Joint distribution of range $(R=X_n-X_1)$ and mid-range $(V=\frac{1}{2}(X_1+X_n)$order statistics

Solution from Casella and Berger:

Joint density of $X_{(1)},X_{(n)}$:

$\Large f_{X_{(1)}, X_{(n)}}(x_1,x_n) = \frac{n(n-1)}{a^2}(\frac{x_n}{a}-\frac{x_1}{a})^{n-2}$

We know that $X_{(1)} = V - R/2$ and $X_{(n)} = V + R/2$. The Jacobian is $|-1| = 1$.

The transformation maps {$(x_1,x_n): 0 < x_1< x_n <a$ } onto the set {$(r,v): 0 < r< a, r/2<v<a-r/2$ } .

Therefore, the joint pdf of (R,V) is:

$\Large f_{R,V}(r,v) = \frac{n(n-1)r^{n-2}}{a^n}$

The marginal pdf of R is:

$\Large f_R(r)= \int_{r/2}^{a-r/2}\frac{n(n-1)r^{n-2}}{a^n}dv$

= $\Large \frac{n(n-1)r^{n-2}(a-r)}{a^n}$, $0<r<a$.

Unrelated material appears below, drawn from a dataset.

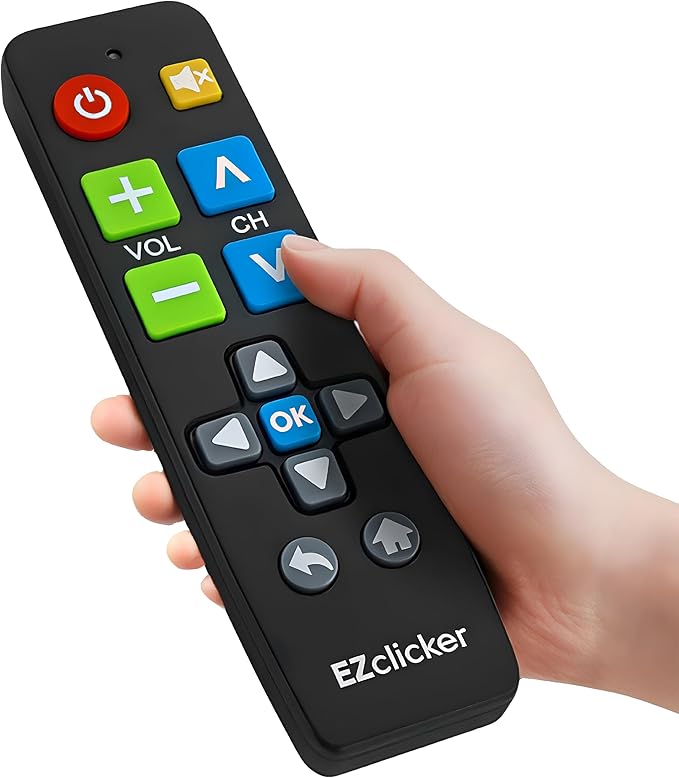 EZclicker Big Button Universal TV Remote (Black) Simple Easy to Use, Great for Seniors, Works with Major TV Brands (2xAAA Batteries Not Included)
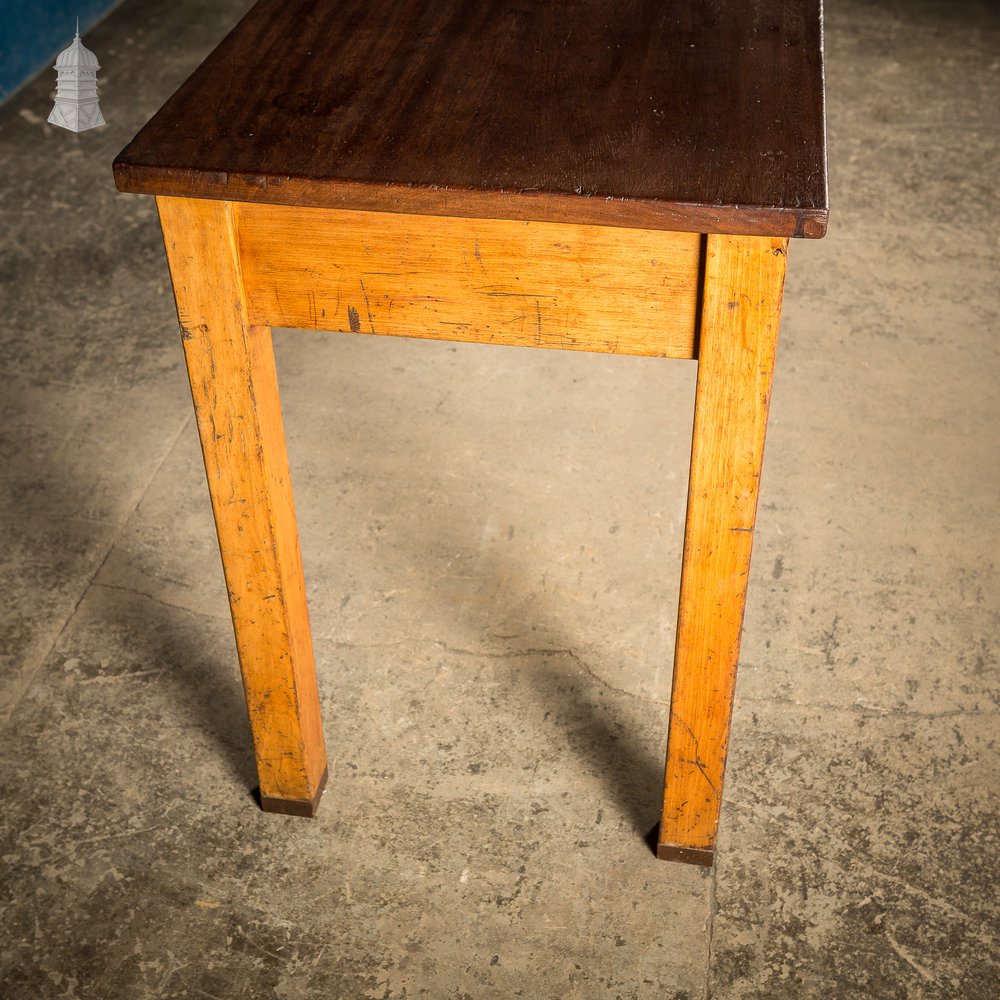 Oak and Iroko Mid Century School Science Lab Bench Table With 3 Drawers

If a = 1, then r has a beta(n-1,2) distribution.

The marginal pdf of V is:

$\Large f_V(v) = \int_0^{2v}\frac{n(n-1)r^{n-2}}{a^n}dr$

= $\Large \frac{n(2v)^{n-1}}{a^n}$, $0<v \leq a/2$,

and

$\Large f_V(v) = \int_0^{2(a-v)}\frac{n(n-1)r^{n-2}}{a^n}dr$

= $\Large \frac{n[2(a-v)]^{n-1}}{a^n}$, $a/2<v \leq a$.